Getting your spokesperson on BBC national TV and radio

Last week (ish) I attended a Gorkana media briefing with Rebecca Wearn from BBC Breakfast and Sean Farrington from BBC Radio 5 Live’s ‘Wake Up to Money’. These sorts of events are usually hosted in London, so it was great to get the chance to attend one in Manchester – yet another benefit of the BBC moving some of its operations to Salford.

There were some impressive figures bandied about. BBC Breakfast attracts around 7m viewers each day and up to 15m in a typical week.

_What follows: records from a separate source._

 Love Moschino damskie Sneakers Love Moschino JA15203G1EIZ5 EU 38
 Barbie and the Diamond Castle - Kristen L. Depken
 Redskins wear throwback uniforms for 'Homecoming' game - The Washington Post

And while Wake Up to Money averages a less jaw-dropping 0.5m weekly listeners, it’s recognised for setting agendas and, due to its early morning slot, often sources the guests that end up on the BBC’s broadcast coverage throughout the day.

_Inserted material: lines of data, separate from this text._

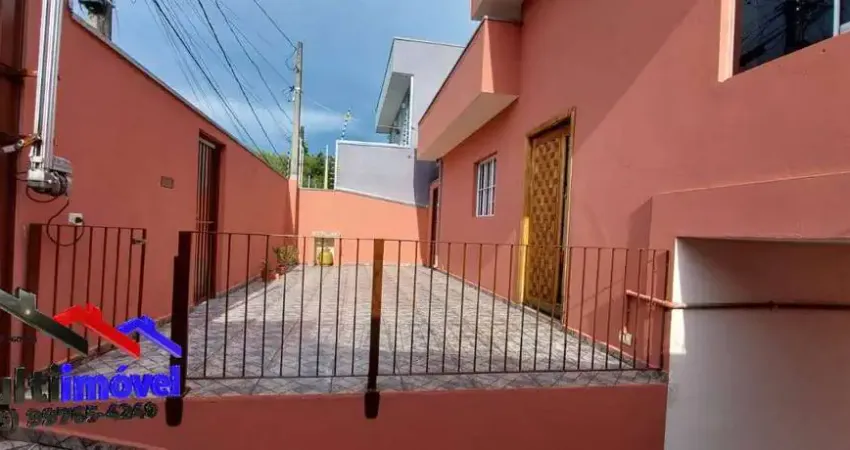 Casa para venda em jardim oreana de 170.00m² com 3 quartos, 1 suite e 4 garagens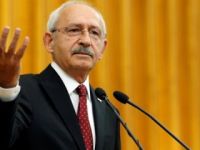 CHP'de deprem! Tamamı istifa etti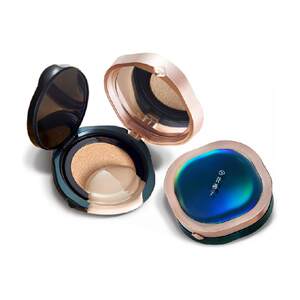 Hua Xizi Emerald Cushion Concealer long does not take off makeup BB cream foundation liquid strap to replace the core mixed skin love
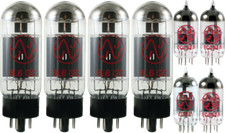 Set tubi - per Fender Showman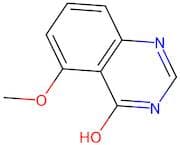 5-Methoxyquinazolin-4(3H)-one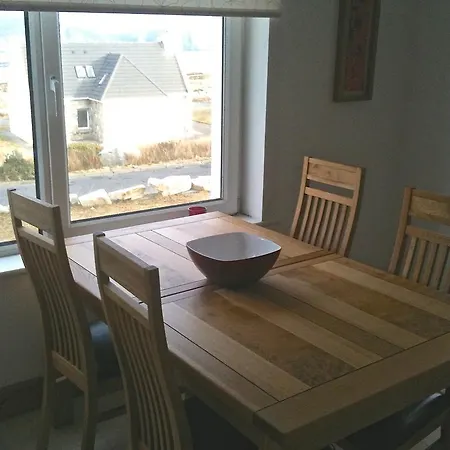 9 Corrymore Village בית נופש *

Here are the top 5 take outs for PR’s wanting to secure a slot on national BBC broadcast shows:

#1 Tune in to the national news agenda
It’s tough to hear but the BBC probably isn’t that interested in the opening of your brand’s 1000th store. Rebecca Wearn told us so. National BBC outlets deal with the biggest issues of the day, so in most cases what they really want from your brand is an insight into a topical issue that they’re already talking about. A great PR will be scanning the topical issues in their field all the time and when an opportunity arises where their spokesperson will be able to offer valuable insight, they’ll make contact. Daily news monitoring and regular environmental scanning is a must.

#2 Put your best woman forward
Last year, the BBC launched an expert women database to try to increase the number of female spokespersons involved in its programmes. So it should come as no surprise that, given the choice between two guests of equal merit but opposite gender, both Breakfast and 5Live will always choose the female of the species. This is really a noble attempt by the BBC to balance its output and both Sean and Rebecca spoke about the added variety and different perspective female experts can offer as a benefit. So if you have a female expert on hand, use her!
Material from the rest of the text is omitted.